Nun mag der Purist, aus durchaus nachzuvollziehender Haltung, mit dieser Interpretation wenig anzufangen wissen. Hat man jedoch eine gewisse Affinität zu beiden „Welten“, der des Jazz und der der Renaissancemusik, dann kann man nicht anders als beifällig nicken.  Dowland bleibt Dowland, die neue Klangwelt scheint mir mehr ein Rahmen, denn eine Übermalung zu sein. Kongenial nennt man das und das meint, dass das Werk Dowlands nicht verfälscht, die Haltung des Komponisten nicht missverstanden wird – eher das Gegenteil ist hier der Fall.

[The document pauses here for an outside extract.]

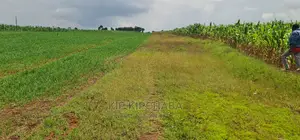 35 Acres Prime Land for Sale in Marura After Kimumu Eldoret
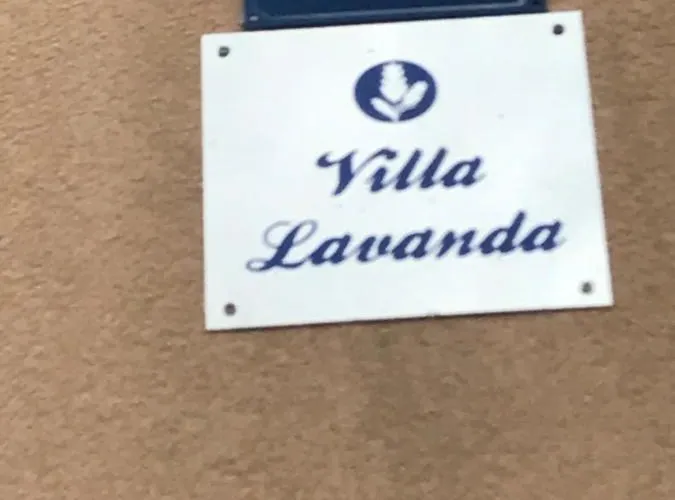 Lavanda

Es scheint gar als habe Dowland dies herausgefordert, genau dies gewollt. Drei Musiker, so inspiriert wie genial, musizieren atemberaubend spannend: Anne Magouet (Sopran), David Chevallier (Gitarre, Theorbe), Bruno Helstroffer (Theorbe). Das Experiment, so dies eines ist, ist auf jeden Fall gelungen. Ich für meinen Teil sehe diese Interpretation weit höher als nur experimentell an – der uralten Tradition der freien Improvisation folgend, haben hier die Ausführenden etwas ganz Besonderes geschaffen, welches geradezu Prämien und Ehrungen herausfordert.
Mehr Licht, rief Goethe. Ich jedoch rufe: Mehr von diesen neuen Klangerlebnissen!